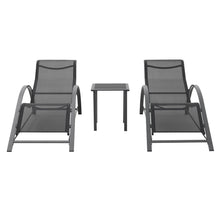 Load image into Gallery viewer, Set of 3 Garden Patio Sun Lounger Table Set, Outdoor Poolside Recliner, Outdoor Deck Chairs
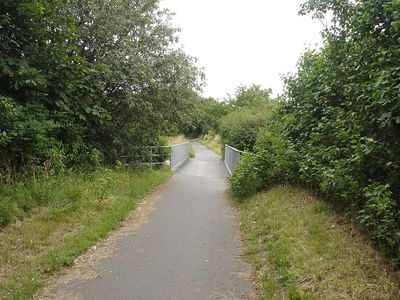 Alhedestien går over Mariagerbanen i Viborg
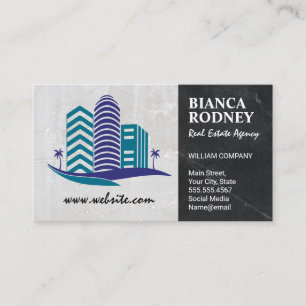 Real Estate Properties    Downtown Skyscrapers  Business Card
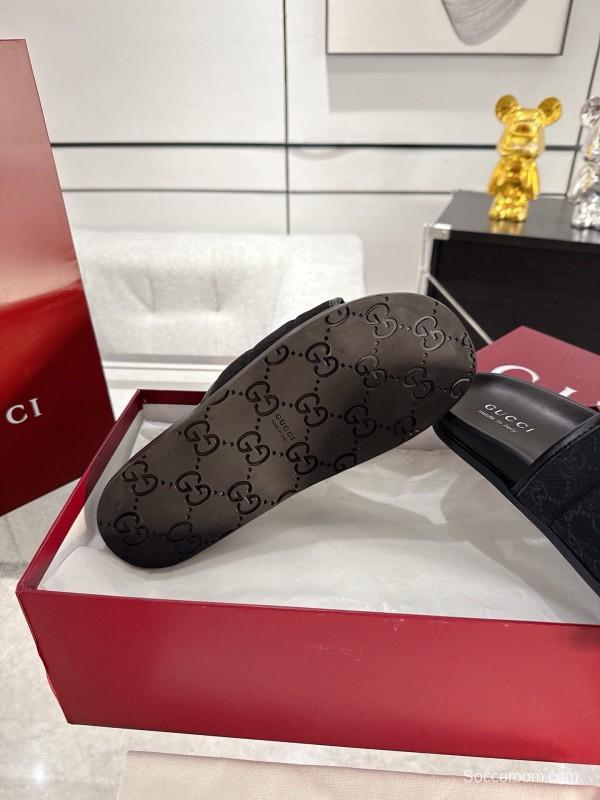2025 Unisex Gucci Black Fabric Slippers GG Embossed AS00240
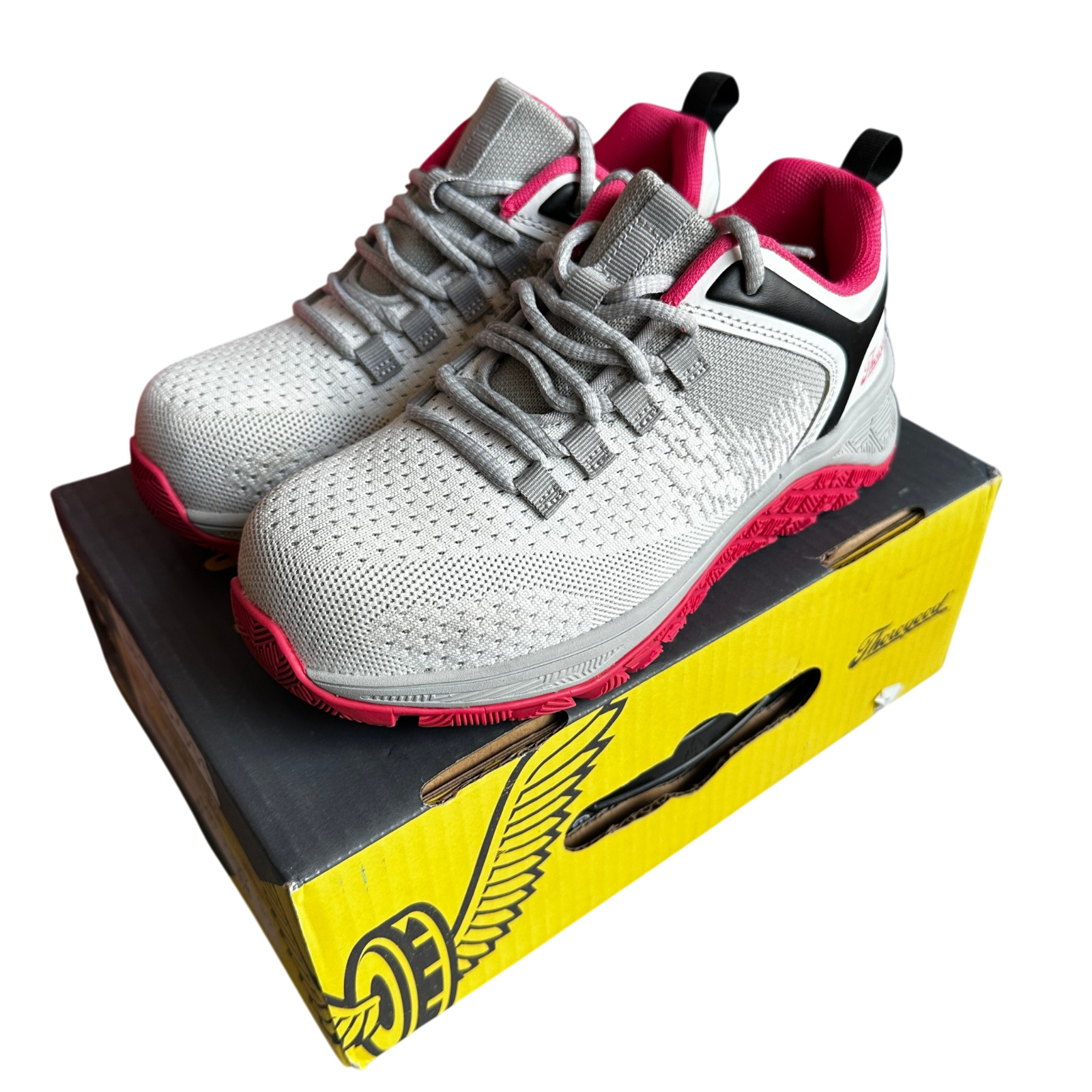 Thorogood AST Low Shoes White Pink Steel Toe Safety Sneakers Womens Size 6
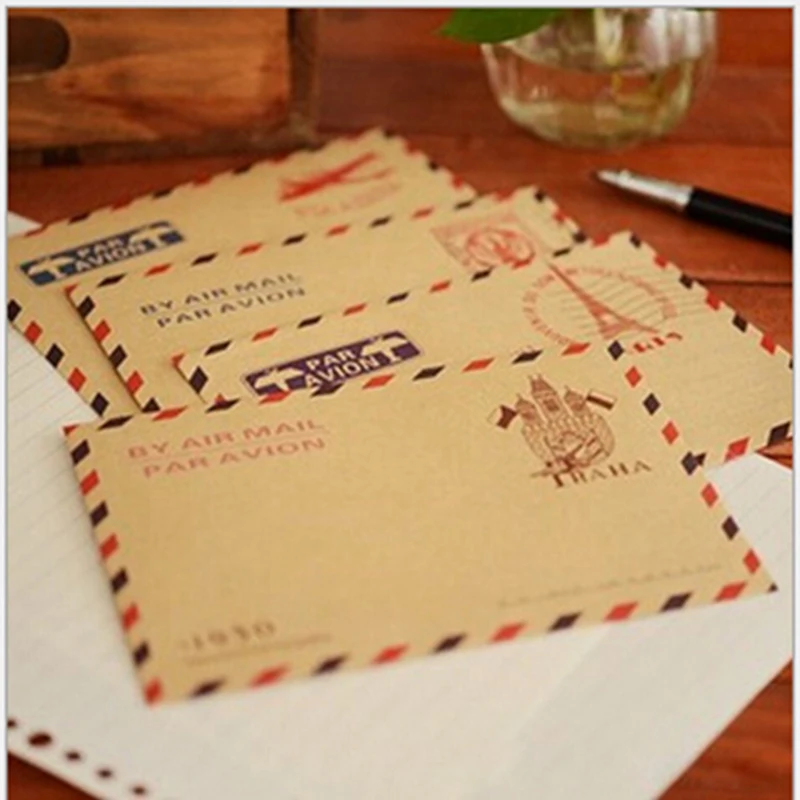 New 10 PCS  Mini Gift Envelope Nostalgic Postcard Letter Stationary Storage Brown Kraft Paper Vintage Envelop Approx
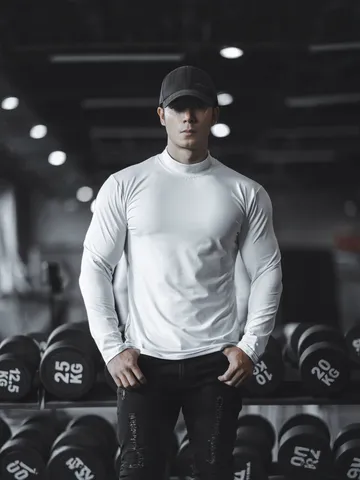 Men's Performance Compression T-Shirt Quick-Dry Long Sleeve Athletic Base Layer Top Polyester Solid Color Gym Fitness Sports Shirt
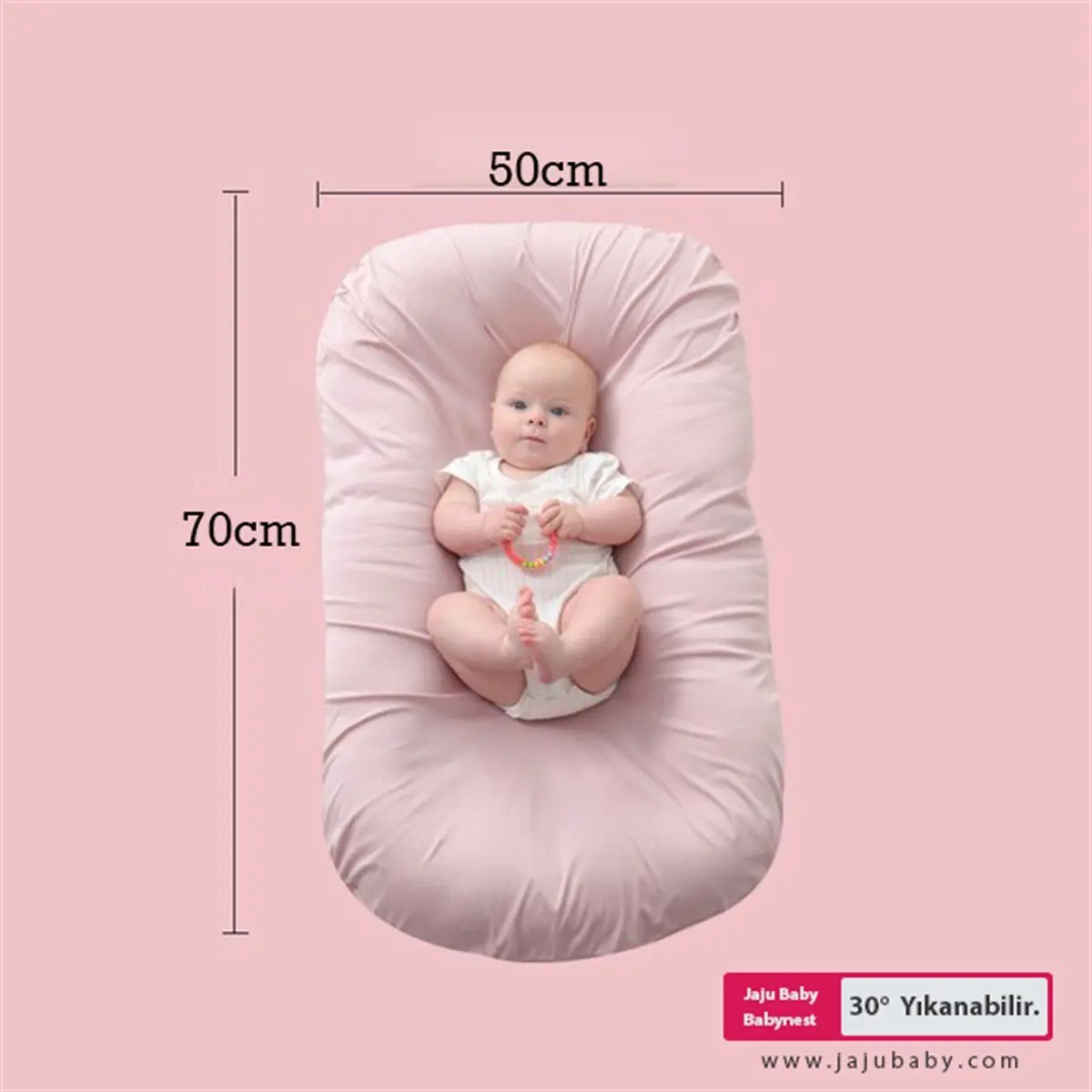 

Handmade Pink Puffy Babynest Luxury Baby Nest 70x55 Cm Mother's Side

* _The task_
Only exact lines belong in the answer: those from the beginning of the entries above through the line holding "Thorogood AST Low", with no pictures.

* _Your response_
 Load image into Gallery viewer, Set of 3 Garden Patio Sun Lounger Table Set, Outdoor Poolside Recliner, Outdoor Deck Chairs
 Alhedestien går over Mariagerbanen i Viborg
 Real Estate Properties    Downtown Skyscrapers  Business Card
2025 Unisex Gucci Black Fabric Slippers GG Embossed AS00240
 Thorogood AST Low Shoes White Pink Steel Toe Safety Sneakers Womens Size 6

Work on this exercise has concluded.